Le second livre (_La Révolte, La Foire sur la Place_) rassemble en une seule Révolte les chevauchées du jeune Siegfried, naïf, intolérant et excessif, qui est parti en guerre contre le mensonge social et artistique de son temps, ses coups de lance à la don Quichotte contre les muletiers, les alcades et les moulins à vent, contre les Foires sur la Place d'Allemagne et de France.
Le troisième (_Dans la Maison, Antoinette, Les Amies_), dans une atmosphère douce et recueillie, qui contraste avec les frénésies d'enthousiasme et de haine du livre précédent, est un chant élégiaque à l'Amitié et au pur Amour.
Le quatrième enfin (_Le Buisson Ardent, La Nouvelle Journée_) est la grande Épreuve du milieu de la vie, la rafale du Doute et des passions dévastatrices, la tempête de l'âme, qui menace de tout détruire, et qui se résout en la sérénité finale, aux primes lueurs de l'Aurore surnaturelle.

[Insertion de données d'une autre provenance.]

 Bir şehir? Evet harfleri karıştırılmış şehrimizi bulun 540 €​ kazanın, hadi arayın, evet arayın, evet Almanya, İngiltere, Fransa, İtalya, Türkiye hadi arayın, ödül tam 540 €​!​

Chaque volume de l'édition originale, dans les _Cahiers de la Quinzaine_ (février 1904 — octobre 1912), portait cette inscription, qui figurait jadis, dans les cathédrales gothiques, sur le socle des statues de saint Christophe, placées à l'entrée de la nef:
_Christofori faciem die quacumque tueris, Illa nempe die non morte mala morieris._
Elle exprimait le vœu secret de l'auteur que son Jean Christophe fût pour ses lecteurs ce qu'il était pour lui-même: un bon compagnon et un guide, à travers les épreuves.

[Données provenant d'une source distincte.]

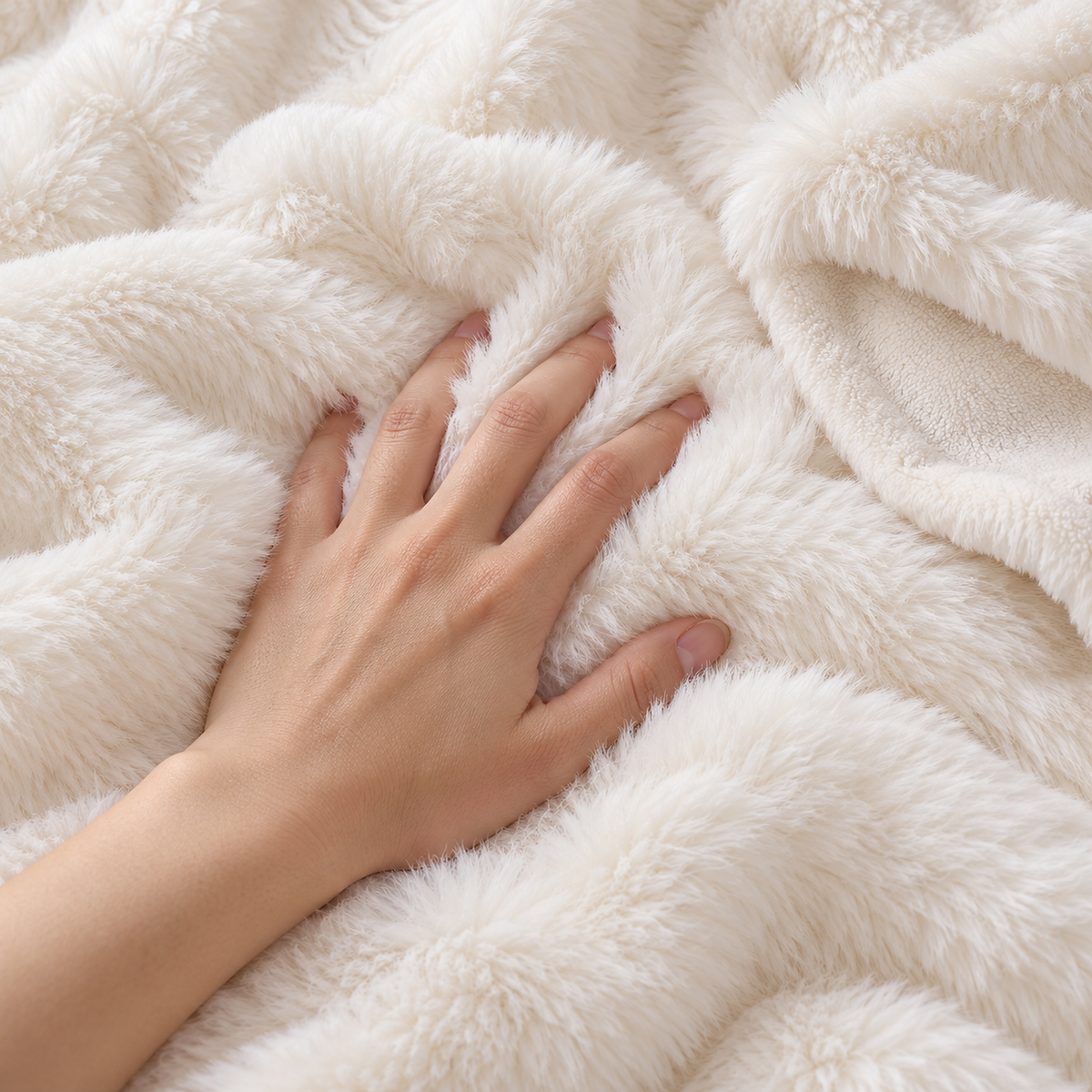 Navorel white faux fur throw blanket with a hand gently pressing into the long shaggy pile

Les épreuves sont venues pour tous; et le vœu de l'auteur n'a pas été déçu, s'il en croit la réponse qui lui est arrivée de toutes les parties du monde. Il le renouvelle aujourd'hui. Plus que jamais dans l’ère de tourmentes qui s'est ouverte et qui n'est pas près de finir, puisse Christophe rester l'ami fort et fidèle, qui souffle la joie de vivre et d'aimer,--malgré tout!
ROMAIN ROLLAND.
Paris, 1er janvier 1921.
L'AUBE
_Dianzi, nell'alba che precede al giorno, quando l'anima tua dentro dormia..._
Purg. IX
_PREMIÈRE PARTIE_
_Come, quando i vapori umidi e spessi a diradar cominciansi, la spera del sol debilemente entra per essi..._
Purg. XVII
Le grondement du fleuve monte derrière la maison. La pluie bat les carreaux depuis le commencement du jour. Une buée d'eau ruisselle sur la vitre au coin fêlé. Le jour jaunâtre s'éteint. Il fait tiède et fade dans la chambre.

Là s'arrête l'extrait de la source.